OAKLAND, Calif. — Derek Carr threw a 9-yard touchdown pass to James Jones with 1:42 remaining and the Oakland Raiders snapped a 16-game losing streak with a 24-20 victory over the Kansas City Chiefs on Thursday night.

Oakland’s Latavius Murray ran for two touchdowns on four carries before leaving the game with a concussion.

The Raiders (1-10) built a 14-point lead, but needed a 17-play, 80-yard drive led by Carr to secure its first win since beating Houston on Nov. 17, 2013.

Alex Smith threw two TD passes for the Chiefs (7-4), who had won five in a row. They fell a half-game behind Denver in the AFC West.

Bills

NFL to relocate Bills home game: Snowed out in Buffalo, the Bills are heading to Detroit to play their “home” game against the New York Jets on Monday night.

The NFL announced the location and date of the game on Thursday night after a severe lake-effect storm paralyzed much of the Buffalo region.

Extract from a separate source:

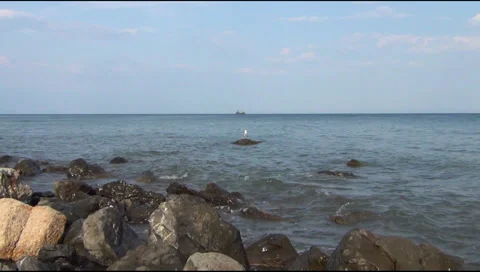 Seiner, gull 動画素材 29388773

More than 5 feet of snow has fallen in the Buffalo area since Monday, and another 1 to 3 feet was projected to fall by Friday.

The storm forced the Bills to cancel their past two days of practice because of impassable roads and driving bans in Orchard Park and many communities neighboring Ralph Wilson Stadium. The team intends to travel to Detroit on Friday and practice at the Lions’ facility.

The Lions are at New England on Sunday.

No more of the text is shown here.